Terming this practice as “unethical”, a CSE release on Friday said, “Currently, 80 per cent of Indian manufacturing capacity is in a state of forced closure and debt restructuring with no orders coming to them, while US manufacturers are getting orders from Indian solar power developers.”
Chandra Bhushan, CSE’s Deputy Director General, said “Fast start financing is a $30-billion fund set up under the United Nations Framework Convention on Climate Change. The fund, adopted at the Copenhagen climate meeting in 2009, is supposed to help developing countries deal with climate change impacts.”
However, CSE researchers pointed out that the US was taking advantage of a loophole under the Jawaharlal Nehru National Solar Mission (JNNSM), which plans to install 22,000 MW of solar energy by 2022, that mandates a domestic content requirement, but does not mention thin-film PV technology.
The US Exim Bank and OPIC have been offering low interest rates and a repayment schedule of up to 18 years to Indian solar project developers on the condition that they buy thin-film panels manufactured by US companies, they said.
Since Indian banks offer interest rate of close to 14 per cent or more, this has skewed the market in favour of thin-film panels imported from US, they said, adding that thin-film had lower efficiency as compared to crystalline panels. Close to 60 per cent of the panels installed in India are thin-film type, they added.

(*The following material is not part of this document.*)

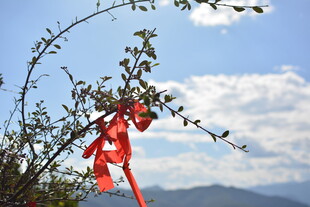 枝头红绸飘 远山蓝天景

According to the US Department of State reports of the year 2010 and 2011 on fast start financing, $248.3 million has been disbursed by the US Exim Bank and OPIC for grid-connected solar plants in India. The major beneficiaries in this case have been American producers such as First Solar and the now bankrupt Abound Solar.
The CSE researchers analysed the state of renewable energy resources and infrastructure in India and the country’s preparedness to meet the Solar Mission goals. The Mission‘s first phase draws to a close next year.